Smarter, more consistent "smart quote" replacements

mojavelinux
Administrator
Recent discussions about "smart quote" replacements have prompted us to reevaluate how and when these replacements occur in AsciiDoc. I'd like to propose a multi-step change that will make the behavior more consistent and accurate.
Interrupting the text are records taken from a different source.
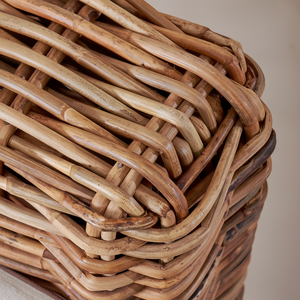 ROTIN BIOLOGIQUE/FABRIQUÉ À LA MAIN DE QUALITÉ/DURABLE ET FLEXIBLE - Product Image 1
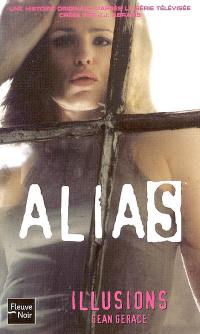 Alias. Vol. 10. Illusions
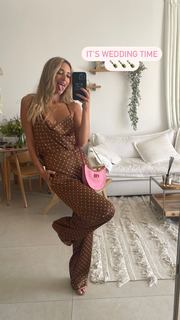 Danit Greenberg feet photo thumbnail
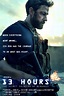 13 Hours: The Secret Soldiers Of Benghazi New Poster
== Step 1: Apostrophe replacement

In an effort to conform to AsciiDoc Python, Asciidoctor replaces apostrophe's with the curly quote equivalent, ’ (i.e., U+2019), by default.

Given:

----
I can't let you do that.
----

Output:

----
I can’t let you do that.
----

However, to get the smart quotes around phrases, AsciiDoc requires special syntax:

Given:

----
``I can't let you do that, Dave,'' said HAL.
``Squiggly saved my life when he yelled, `Watch out, Aardvark.'''
----

Output:

----
“I can’ let you do that, Dave,” said Hal.
“Squiggly saved my life when he yelled, ‘Watch out, Aardvark.”’
----

Replacing the straight apostrophe but not straight quotes around phrases is inconsistent. Thus, the first thing I'd like to propose is special syntax for the apostrophe replacement, a backtick immediately followed by a straight apostrophe.

Given:

----
I can`'t let you do that.
I just can't.
----

Output:

----
I can’t let you do that.
I just can't.
----

This change at least makes the replacements all explicit by default.

== Step 2: Moving smart character substitutions to replacements group

As it stands now, quotations around phrases are handled in the "quotes" substitution group, whereas the apostrophe replacement (and other smart character replacements, like dashes) are handled in the "replacements" substitution group.

I think all smart character replacements should happen in the same substitution group, in particular the "replacements" group. Not only is this more consistent, it also clears a path for us to control automatic smart quote replacement.

Here's why this matters. Let's assume we provide a setting to substitute quotation marks around phrases automatically (i.e., smartypants behavior). If that happens as part of the "quotes" substitution, where ever we enable the "quotes" substitution, we run the risk of getting smart quote replacement.

Consider:

[subs="+quotes"]
----
System.out.println("*bold* text");
----

In the output, we'd see:

----
System.out.println(&#8220;<strong>bold</strong> text&#8221;);
----

This would be bad. However, if the smart quotes were replaced in the "replacements" groups, then we'd get the expected output:

----
System.out.println("<strong>bold</strong> text");
----

I think this change introduces the proper separation of substitution types.

== Step 3: Automatic smart-quote replacement

Once we finish Step 1 and 2, then we can consider introducing an attribute to enable automatic smart quote replacement. When enabled, anywhere the "replacements" subs group is enabled (e.g., a normal paragraph), the smart quotes would get substituted without having to use special syntax:

Given:

----
:smartquotes: refs

"I can't let you do that, Dave," said HAL.
----

Output:

----
&#8220;I can&#8217;t let you do that, Dave,&#8221; said HAL.
----

The open question here is whether disabling smartquotes would also disable replacements of other smart characters like dashes and arrows. It makes sense to have them all on, all off or a way to specify what to enable / disable.

Notice the value for the smartquotes attribute is "refs". We may want to consider supporting the value "glyphs", which would insert the actual glyph (e.g., the curly quote) into the output.

----
“I can’t let you do that, Dave,” said HAL.
----

== Wrap-up

For Asciidoctor 1.5.0, I'm mostly looking for feedback on Step 1. The reason this first step is critical is because we're also planning to disable the single straight quotes markup to emphasize (italicize) a phrase (e.g., 'emphasis'). When we disable that substitution, the processor catches the second straight single quote and replaces it with &#8217;. That's why I think we want the explicit syntax, `', to enable this replacement.

When we update the smart character replacement, I plan to follow / build on the research done by the Python Smartypants project, since it appears to be the most accurate.

Cheers,

-Dan
Reply | Threaded
Open this post in threaded view
|

Re: Smarter, more consistent "smart quote" replacements

Rob Sykes
I can't say I'm too keen on  `' for an apostrophe, from both readability and writability reasons.  Latex seems to manage well with  back-tick and straight apostrophe for quotes and apostrophe; as described here  http://www.maths.tcd.ie/~dwilkins/LaTeXPrimer/QuotDash.html
And -roff uses this same mechanism, so it seems something of a standard which would be good to stick to if we can.